Quando conheci Maria Bruguera, há cerca de dez anos, apenas pude suspeitar que aquela frágil figura, entregue com energia e ilusão incansáveis ao grupo Mujeres Libertárias, escondia uma vida temperada por golpes terríveis. Se alguém fez frente à crueldade com decisão solitária imbatível, essa pessoa foi Maria Bruguera. O destino em seu caso, filho da brutalidade fascista, não lhe causou nenhum sofrimento, o menor dos quais a quase todos teria abatido.

A 6 de novembro de 1913, nasceu Maria em Jerez de los Cabalheros, na província de Badajoz para onde sua família, originária de Pala-frugell (Gerona), se havia trasferido para trabalhar na indústria da cortiça. O pai, em contato com os grupos anarquistas extremenhos e andaluzes, participou do movimento libertário da região, sendo detido várias vezes. Nesse ambiente de militância e repressão cresceu Maria, que chegou a participar de um grupo de teatro formado por mulheres. Constituídas as Juventudes Libertarias na sua cidade, Maria se integrou imediatamente.
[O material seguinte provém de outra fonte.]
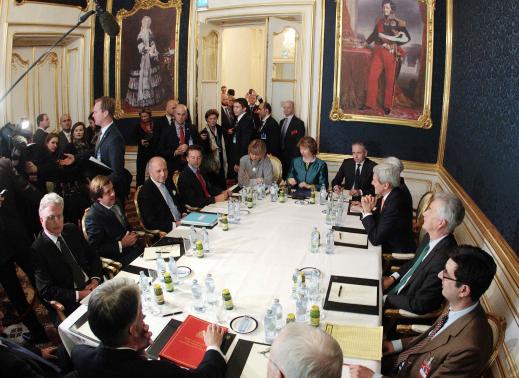 French Foreign Minister Fabius, EU envoy Ashton, U.S. Secretary of State Kerry and Britain's Foreign Secretary Hammond sit a a table during talks in Vienna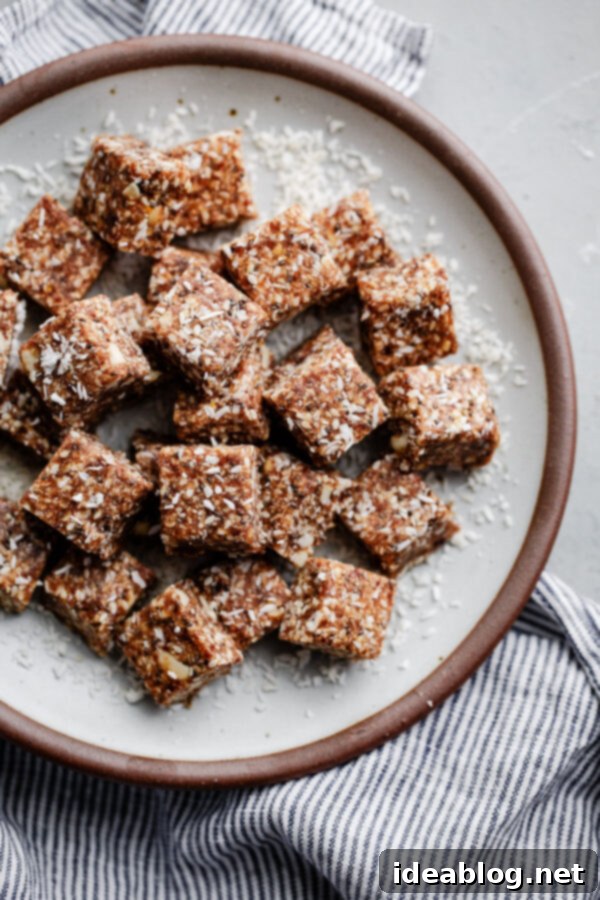 Coconut Cashew Chia Energy Bites - a super satisfying, naturally sweetened snack packed with dates, cashews, coconut, chia, sesame, and orange zest. Gluten-free, paleo, and vegan friendly. Delicious No-Bake Coconut Cashew Chia Energy Bites on a plate, ready to be enjoyed as a healthy snack or pre-workout fuel.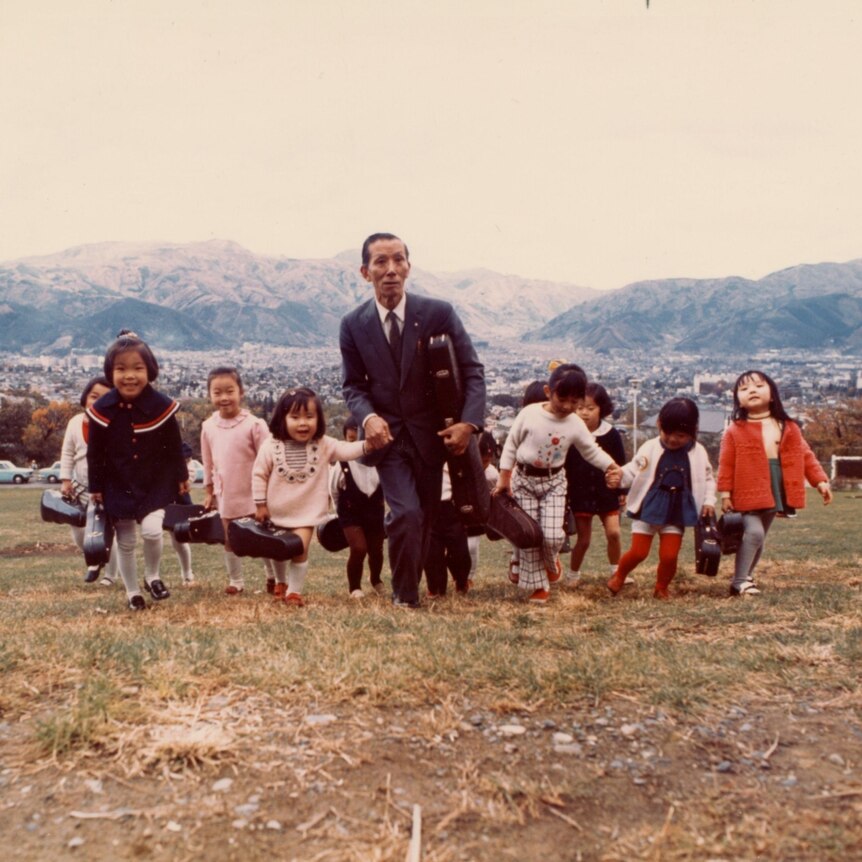 A colour photo shows Suzuki in a suit leading children carrying violins through the mountains
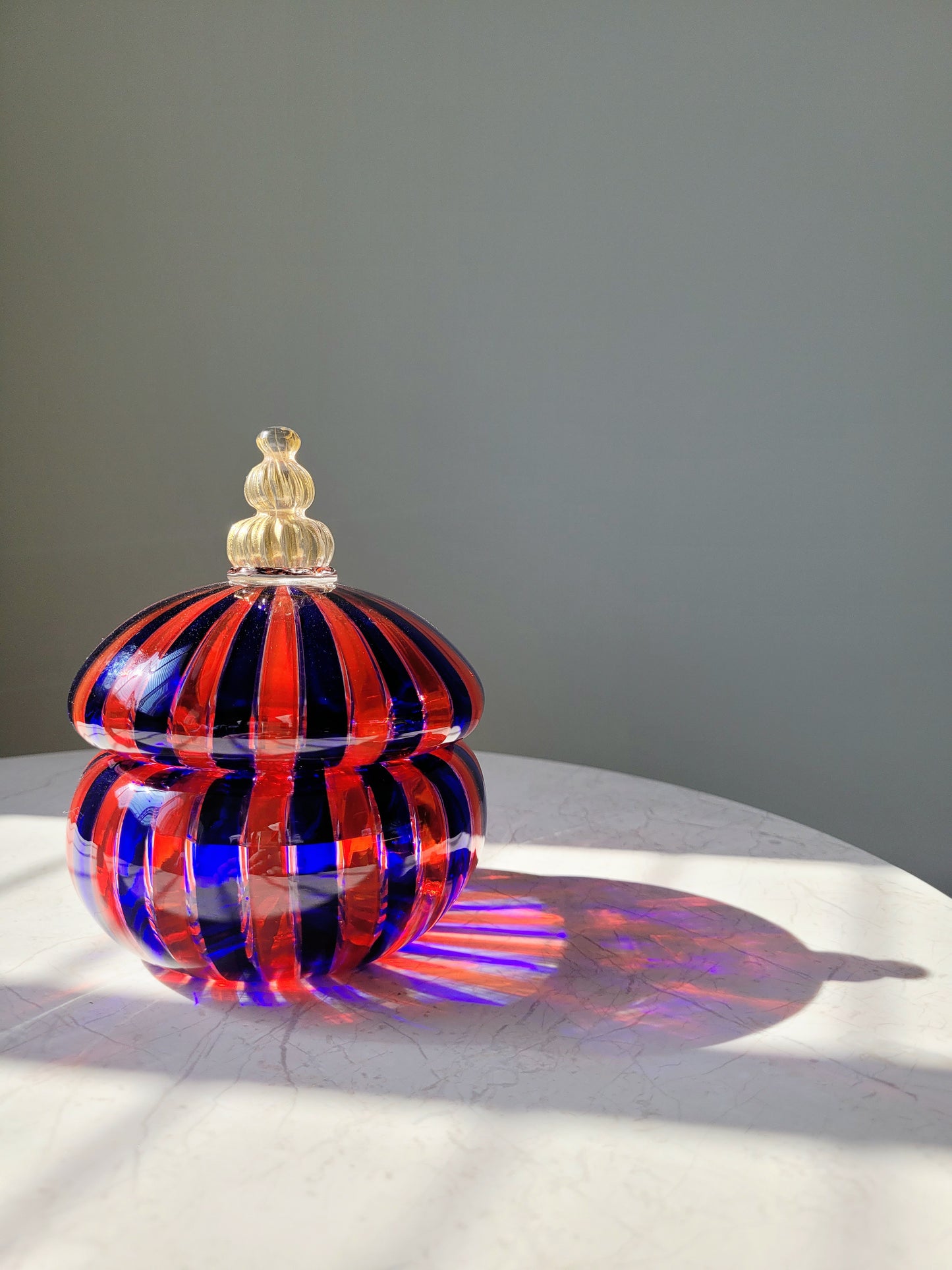 front view of a handcrafted vintage striped Murano bonbonniere in red blue and gold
Quando em julho de 1936 ocorreu o levante franquista, Maria se encontrava com sua família em Badajóz. Retornaram todos a Jerez e, ante a terrível repressão desencadeada pelas tropas fascistas, tentaram passar a Portugal, de onde os expulsou a ditadura de Salazar. Durante algum tempo conseguem esconder-se na casa dos pais de seu companheiro, Francisco Torrado, onde Maria dá a luz um menino.

No entanto, os franquistas rastreiam o país, assassinando a todos os militantes sindicalistas e anarquistas que encontravam, pelo que os refugiados decidem tentar de novo a passagem para Portugal. Quando estão a ponto de atravessar a fronteira junto à numeroso grupo, são descobertos pelos fascistas, que matam quase todos, inclusive sua mãe. Durante oito anos Maria percorrerá a geografia penitenciária espanhola. Em condições terríveis, com uma saúde cada vez mais debilitada, conhecerá os cárceres de Badajoz, Salamanca, Santander e Madri. Nesse tempo, lhe arrebatam o filho, batizando-o à força, e fuzilam o pai, que se havia entregue voluntáriamente às forças franquistas com a esperança de encontrar sua família. No fim dos anos 40, Maria saiu do cárcere e, com a saúde debilitada, mudou-se para Madri.

Em Madri se une sentimentalmente à Aureliano Lobo e ambos participam ativamente na reconstrução da CNT durante o período clandestino dos anos 50. Em que pese o incrível esforço organizativo desenvolvido nestes anos, a repressão franquista consegue esmagar o renascer da organização sindical e encarcera centenas de libertários.

Nos últimos anos do franquismo Maria teve que atender a seu companheiro enfermo, que faleceu em 1976. Pouco depois, Maria se reintegra a CNT, passando a trabalhar na reconstrução do coletivo Mujeres Libertarias do qual Maria será o verdadeiro motor. Na década de 80, quando a cisão da CNT havia se consumado, Maria teve de lutar contra aqueles que, a partir da obsessão controladora pretendiam menosprezar a independência e autonomia do grupo libertário feminino e a dela mesma. Na grande crise confederal, Maria separada da CNT e ligada à central que depois, a contragosto seu, se chamaria CGT, viu diminuida sua esperança na luta pela continuidade do grupo Mujeres Libertarias, até que, em 28 de dezembro de 1992, foi surpreendida pela morte.